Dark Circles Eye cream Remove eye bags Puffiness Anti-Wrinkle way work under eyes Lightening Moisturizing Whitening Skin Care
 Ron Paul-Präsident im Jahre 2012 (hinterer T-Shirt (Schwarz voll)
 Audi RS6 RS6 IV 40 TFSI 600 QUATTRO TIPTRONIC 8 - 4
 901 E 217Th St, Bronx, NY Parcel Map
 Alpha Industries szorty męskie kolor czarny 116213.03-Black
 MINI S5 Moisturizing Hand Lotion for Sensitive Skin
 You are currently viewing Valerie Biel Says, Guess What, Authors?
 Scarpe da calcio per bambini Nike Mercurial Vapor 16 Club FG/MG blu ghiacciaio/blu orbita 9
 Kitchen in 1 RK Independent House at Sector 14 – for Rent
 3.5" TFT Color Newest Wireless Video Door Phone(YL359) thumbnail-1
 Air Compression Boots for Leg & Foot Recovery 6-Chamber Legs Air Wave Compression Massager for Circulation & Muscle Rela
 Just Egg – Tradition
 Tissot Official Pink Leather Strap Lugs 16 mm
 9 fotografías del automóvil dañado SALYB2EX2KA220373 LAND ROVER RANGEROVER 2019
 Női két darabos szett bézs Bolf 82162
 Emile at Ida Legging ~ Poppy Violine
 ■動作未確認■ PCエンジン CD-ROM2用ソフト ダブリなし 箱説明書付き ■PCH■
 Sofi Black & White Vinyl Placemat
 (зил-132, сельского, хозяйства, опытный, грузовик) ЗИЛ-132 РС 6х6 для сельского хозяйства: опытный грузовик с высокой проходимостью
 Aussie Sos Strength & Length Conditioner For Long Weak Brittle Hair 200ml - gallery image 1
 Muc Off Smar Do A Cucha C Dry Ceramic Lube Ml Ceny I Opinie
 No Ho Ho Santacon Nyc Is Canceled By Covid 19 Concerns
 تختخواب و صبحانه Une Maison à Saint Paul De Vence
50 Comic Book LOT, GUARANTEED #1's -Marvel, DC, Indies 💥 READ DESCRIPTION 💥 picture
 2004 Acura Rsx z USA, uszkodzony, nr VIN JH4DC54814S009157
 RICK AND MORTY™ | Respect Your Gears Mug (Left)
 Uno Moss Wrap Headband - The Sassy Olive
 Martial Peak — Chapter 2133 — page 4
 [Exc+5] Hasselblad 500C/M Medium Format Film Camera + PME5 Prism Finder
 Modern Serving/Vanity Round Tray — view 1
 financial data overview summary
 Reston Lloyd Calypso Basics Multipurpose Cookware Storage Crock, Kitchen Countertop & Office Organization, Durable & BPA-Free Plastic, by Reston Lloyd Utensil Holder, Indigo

★ ★ ★ ★

What is expected -
What you return should be exactly the lines above, starting at the one with "MINI S5 Moisturizing" and ending at the one with "RICK AND MORTY™", and nothing else.

Written answer -
 MINI S5 Moisturizing Hand Lotion for Sensitive Skin
 You are currently viewing Valerie Biel Says, Guess What, Authors?
 Scarpe da calcio per bambini Nike Mercurial Vapor 16 Club FG/MG blu ghiacciaio/blu orbita 9
 Kitchen in 1 RK Independent House at Sector 14 – for Rent
 3.5" TFT Color Newest Wireless Video Door Phone(YL359) thumbnail-1
 Air Compression Boots for Leg & Foot Recovery 6-Chamber Legs Air Wave Compression Massager for Circulation & Muscle Rela
 Just Egg – Tradition
 Tissot Official Pink Leather Strap Lugs 16 mm
 9 fotografías del automóvil dañado SALYB2EX2KA220373 LAND ROVER RANGEROVER 2019
 Női két darabos szett bézs Bolf 82162
 Emile at Ida Legging ~ Poppy Violine
 ■動作未確認■ PCエンジン CD-ROM2用ソフト ダブリなし 箱説明書付き ■PCH■
 Sofi Black & White Vinyl Placemat
 (зил-132, сельского, хозяйства, опытный, грузовик) ЗИЛ-132 РС 6х6 для сельского хозяйства: опытный грузовик с высокой проходимостью
 Aussie Sos Strength & Length Conditioner For Long Weak Brittle Hair 200ml - gallery image 1
 Muc Off Smar Do A Cucha C Dry Ceramic Lube Ml Ceny I Opinie
 No Ho Ho Santacon Nyc Is Canceled By Covid 19 Concerns
 تختخواب و صبحانه Une Maison à Saint Paul De Vence
50 Comic Book LOT, GUARANTEED #1's -Marvel, DC, Indies 💥 READ DESCRIPTION 💥 picture
 2004 Acura Rsx z USA, uszkodzony, nr VIN JH4DC54814S009157
 RICK AND MORTY™ | Respect Your Gears Mug (Left)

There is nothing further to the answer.